Мы, дети, после чая с печенюшками играли и шалили до полного изнеможения. До изнеможения играл и шалил с нами и красавец ирландский сеттер Дружок.
Швецовы жили далековато, на горе — так обозначался в Барнауле этот район, а возвращались гости уже поздненько — это было небезопасно: по ночам прохожих раздевали, иногда до белья включительно. Большой дефицит одежонки и обувки был в те времена (я много лет ходил в черно-белых штанах, пошитых матерью из одеяла, а свой первый костюм купил на первую зарплату агронома, лет уже в двадцать).
Учитывая это обстоятельство — грабежи, — нас провожал Николай Аркадьевич Швецов, он шёл впереди своих гостей, а завидев какую-либо фигуру в темноте, громко и требовательно кричал: «Постор-ронись!» Так в ту пору конвоировало ГПУ арестованных, когда вело их или в подвал на улице Анатолия (местный большевик), или на расстрел. В тот же миг прохожий куда-нибудь исчезал. Тем более что ГПУ расстреливало и на нагорном кладбище, а это было в том направлении, куда мы шли. В обратный путь Швецов пускался один, но никогда и никто на него не решался напасть: он умел ходить так, что ни у кого не оставалось сомнений — в кармане у этого человека револьвер.
Нас, ребятишек, родители везли из гостей в санках. Господи, какое это было блаженство — дремать закутанным в мамину шаль, ещё в какие-то теплые тряпицы и одежки, слушать скрип полозьев и обрывками вспоминать только что проведённый в гостях вечер, уже обратившийся в сказку!

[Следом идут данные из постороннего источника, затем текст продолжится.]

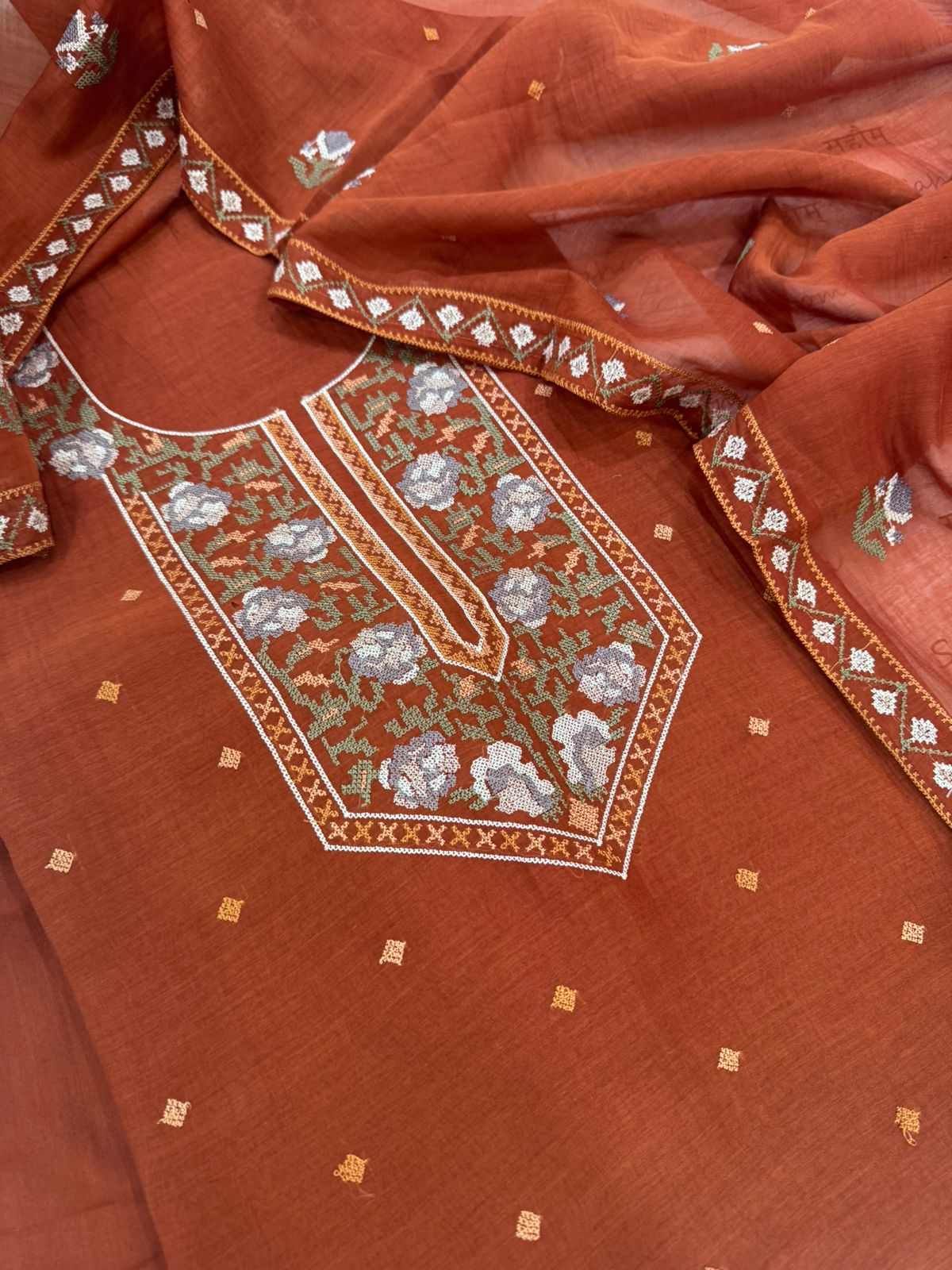 Mul Chanderi Thread Work Suit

Когда Кузнецов опубликовал своё письмо, а затем уехал на Украину, это и у взрослых, и у меня — его посыльного — вызвало шок, но шок опять-таки молчаливый: в среде этих людей не принято было судить и обсуждать друг друга. Можно было отказаться от того или иного знакомства, можно было отказаться от всех знакомств, но всё это должно было происходить молча. Кто как устроится — дело каждого, и дело каждого про себя осудить или принять поступок другого. Мои родители, те к слову «устраиваться» относились неприязненно. Помню, один ссыльный социал-демократ из Перми (из Мотовилихи) поступил на службу в должность заведующего столярными мастерскими, и отец с матерью с явным неодобрением говорили о нем: «устроился»! В начале тридцатых годов от нашего клана не осталось никого, почти никого: наша семья, да ещё семья Швецовых, — остальные или были репрессированы, или убежали куда-то дальше Барнаула.